Questions are all the classic style of multiple choice, usually with four options: a, b, c and d.
Each question has only one right answer.
The pass mark is 50 per cent. So of the 70 live questions you need to score 35 or more to pass.
The exam has no level of pass. You’ll be told your mark, but the official result is simply a pass or a fail, and there are no ‘honours’ or ‘you only just scraped it’ levels.
Your result can be given to you immediately by your training company, but the result is provisional. The paper will be re-marked by the exam authority for the final result.
There are no trick questions – allegedly. If there’s a poor question, then it may cause you a problem, but there is no deliberate intention to trip you up.
Understanding the PRINCE2 Practitioner Exam
The Practitioner Exam is there to test your understanding of how to use PRINCE2 and whether you can apply the method successfully to a project.
It lasts two and a half hours.
It has eight sections, each with ten questions. Unlike the Foundation Exam, there are no ‘experimental’ questions in this exam, so all questions are live ones.
Each question is worth 1 mark, so the whole paper is 80 marks.
The pass mark is 55 per cent, so you need 44 marks to pass.
You don’t have to pass each section, just achieve 55 per cent across the whole paper.
Questions are different styles of multiple choice, such as matching questions and sequence questions.
Only one right answer exists to each question unless you’re specifically asked to give more than one answer.
As with the Foundation exam, there are no levels of pass.
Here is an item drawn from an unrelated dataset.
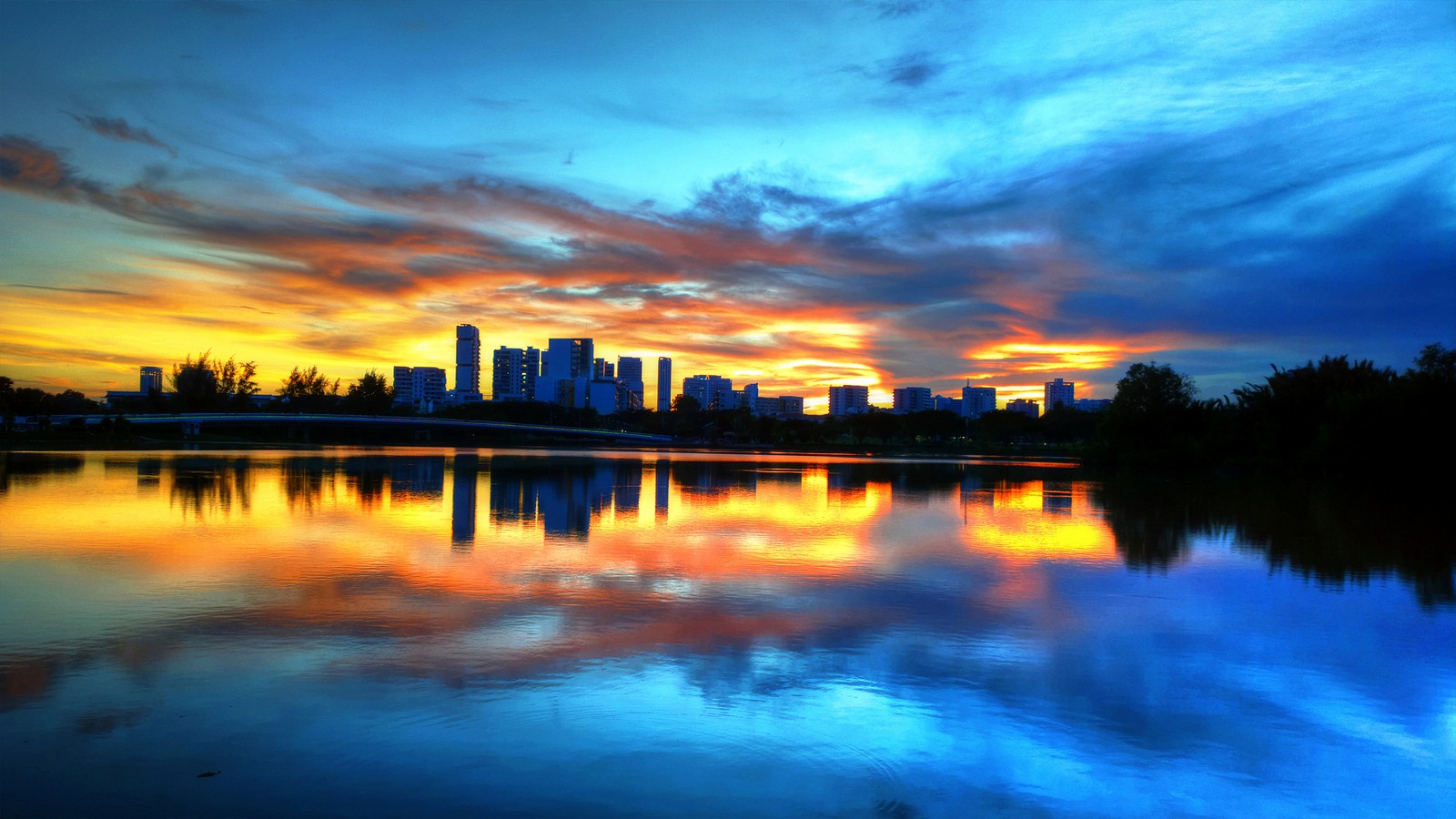 Vietnam80Lumias1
The result is simply a pass or a fail.
Your training company may give you your result very quickly, or it will follow within about two weeks – after the paper has been marked centrally.
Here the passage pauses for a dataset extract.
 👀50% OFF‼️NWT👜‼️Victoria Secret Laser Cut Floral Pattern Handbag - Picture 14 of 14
There are no deliberate trick questions and there’s no intention to try to catch you out.
Dealing with Failure on the PRINCE2 Exam by Trying Again
If you’ve failed a PRINCE2 exam, you need to prepare for your next shot by revising the whole method as well as focusing on those areas where you think you’re below par. In particular, make sure you’re clear on each of the following areas:
Roles and responsibilities: Make sure you know what each role is responsible for within the project management team and what the roles are doing in a PRINCE2 project.
Processes: Check you know the sequence in which the processes are used, who is primarily responsible for the activities within each process, and who else is involved. Practise ‘locating yourself’ when looking at a particular activity, to be clear on what is going on at that point, what products are in use and where you are in the project.
Themes: Go through them all again to be sure you have a clear understanding. Make sure that you know what each theme is for and what it contains and, for the Foundation exam, make especially sure that you’re familiar with the ‘purpose’ statements at the start of each theme and process chapter in the PRINCE2 manual.
Principles: Make sure you understand what each one means and check that you know how it’s built in to the method.
Management products: Make sure you know what each product is used for and when, who produces it and what the sections in each one are all about.
Product planning (for Practitioner level): Make sure you understand the diagrams and the Product Description, and practise drawing some diagrams. Although you’re not required to draw answers in a multiple-choice format exam, if you’ve practised you’ll be well used to the techniques and you’ll find it easier to answer questions about them.